Closed wangshuaizs closed 5 years ago
UCX_IB_SL=<service level>
environment variable does it
For more information, you may run ucx_info
tool that can give you information on how to configure UCX and etc
E.g. ucx_info -cf
show you UCX configuraion:
...
#
# IB Service Level / RoCEv2 Ethernet Priority.
#
#
# syntax: unsigned integer
# inherits: UCX_RC_SL, UCX_IB_SL
#
UCX_RC_VERBS_SL=0
...
@dmitrygladkov Thank you for your reply.
I tried to add UCX_IB_SL=<service level>
into my cmd, and the whole cmd is as follows:
mpirun -np 2 -H 10.10.10.4:1,10.10.10.6:1 -bind-to none -map-by slot -mca btl self --mca pml ucx -x LD_LIBRARY_PATH -x PATH -x HOROVOD_MPI_THREADS_DISABLE=1 -x UCX_NET_DEVICES=mlx4_0:2 -x UCX_IB_SL=2 <my application>
but no RDMA traffic was found in the specify switch queue.
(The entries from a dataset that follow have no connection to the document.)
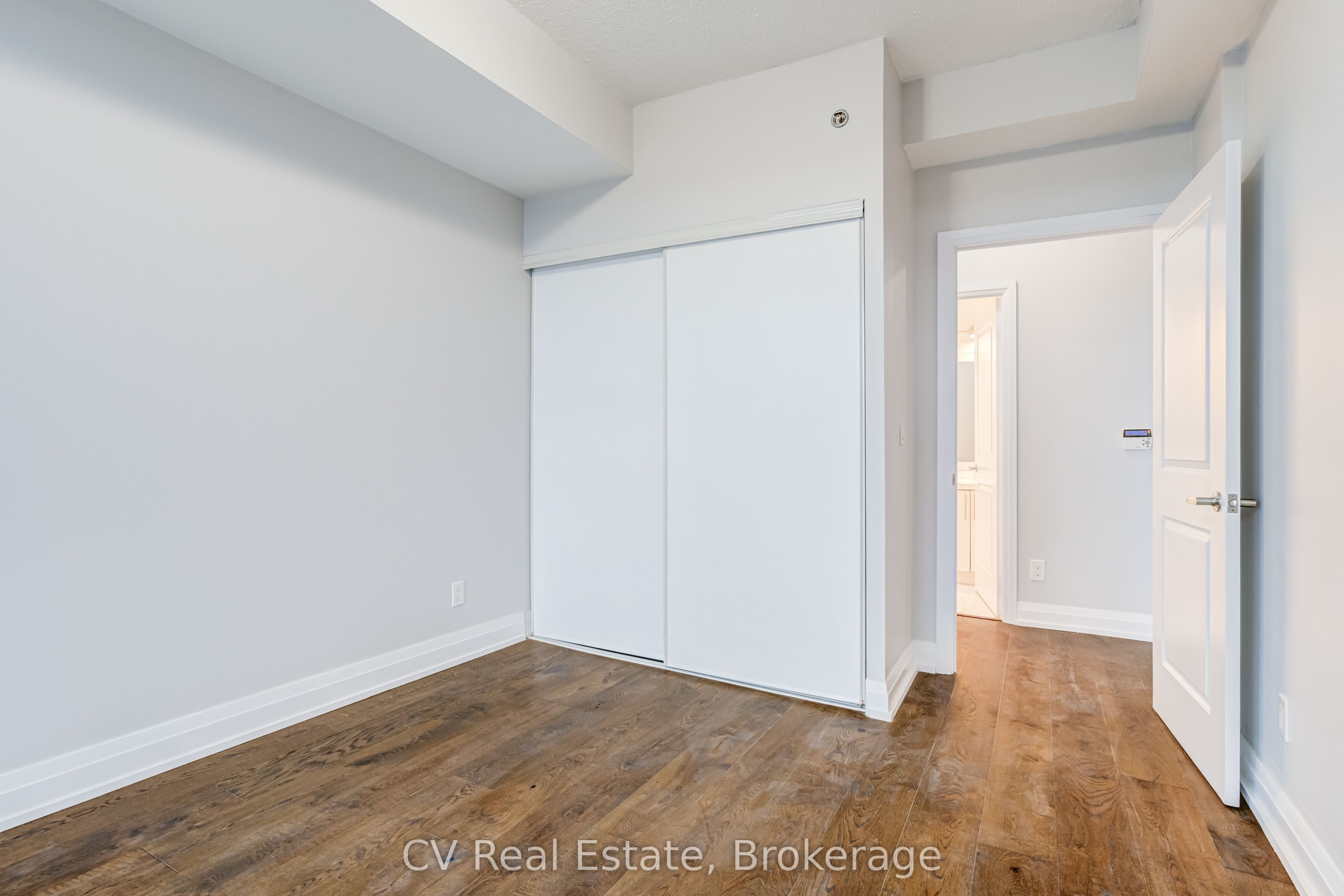 65 Speers Road 602 Property Photo 23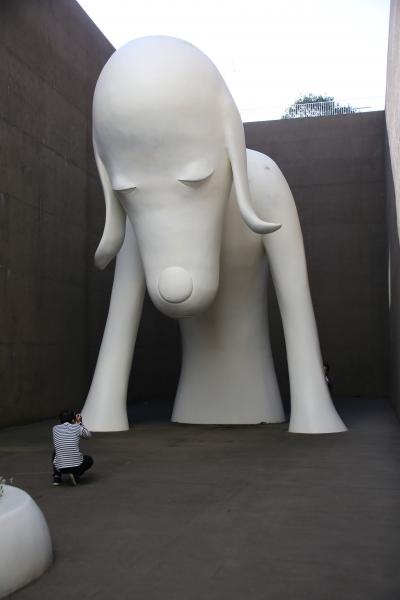 青森県立美術館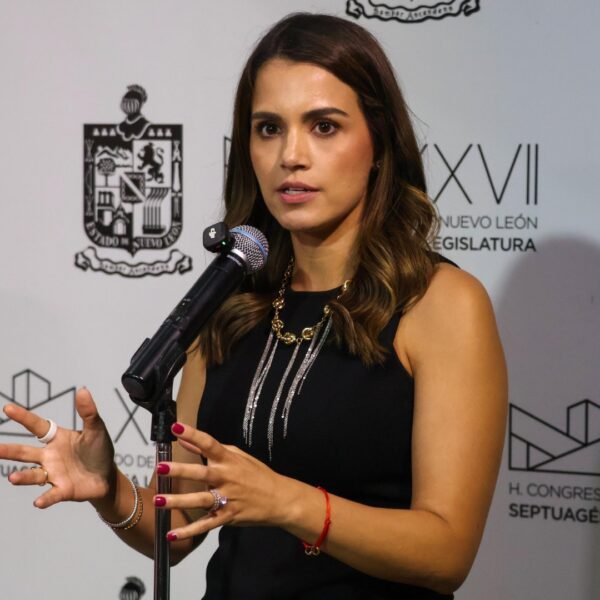 Cuestionan a deudo estatal de 5 mil 500 mdp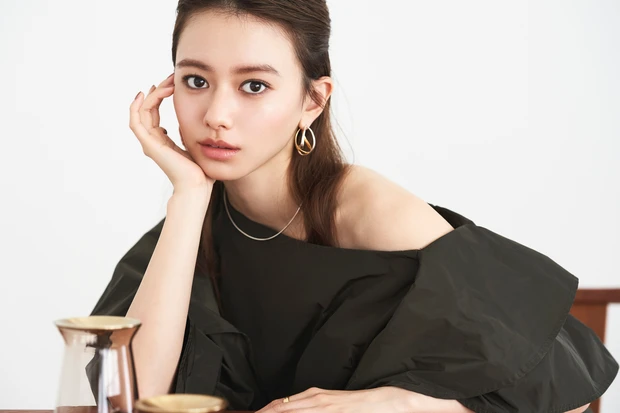 ¥1210のプチプラコスメで完成!【マキア×山本舞香×北原 果】シックで華やかなグレイッシュの囲み目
I have tested with ib_write_bw 10.10.10.6 -d mlx4_0 -i 2 -x 2 -S 2 --report_gbits -D 10
to verify that the mapping is correct. (Yes, I found RDMA traffic in switch queue 2 with this cmd).
I wonder if UCX_IB_SL=<service level>
can apply to RoCEv1, instead of InfiniBand or RoCEv2?
@wangshuaizs could you pls check whether it was applied by running:
UCX_IB_SL=2 ucx_info -fc
it should be (UCX_RC_VERBS_SL=2
):
#
# IB Service Level / RoCEv2 Ethernet Priority.
#
#
# syntax: unsigned integer
# inherits: UCX_RC_SL, UCX_IB_SL
#
UCX_RC_VERBS_SL=2
thank you!
@wangshuaizs, plz set also UCX_IB_GID_INDEX=2 (which will select proper gid index, like you do in your ib_write_bw cmd)
@brminich @dmitrygladkov thank you. After adding `UCX_IB_GID_INDEX
, it worked! So I will close this issue. Thank you again!
@brminich @dmitrygladkov Is this worth adding to https://www.open-mpi.org/faq/?
@jsquyres makes sense to me Looks like https://www.open-mpi.org/faq/?category=openfabrics#ompi-over-roce-ucx-pml q. 46 is applicable for this information
@yosefe wdyt? should I update OMPI FAQ (RoCE over UCX PML - q.46) to mention this fact?
Thank you for taking the time to submit an issue!
Background information
What version of Open MPI are you using? (e.g., v1.10.3, v2.1.0, git branch name and hash, etc.)
v4.0.0
Describe how Open MPI was installed (e.g., from a source/distribution tarball, from a git clone, from an operating system distribution package, etc.)
from a source/distribution tarball
Question:
Hi, I installed Open MPI v4.0.0 with UCX v1.6.0. I have Mellanox ConnectX-3 NIC, which can run TCP and RoCE v1. I want to run a mpi application on two nodes with RoCE v1. I trie to find the solution on how to run RoCE v1 with specified service level, but only solutions based on
openib
was found. So, I want to ask how to specify service level with UCX when running RoCE v1?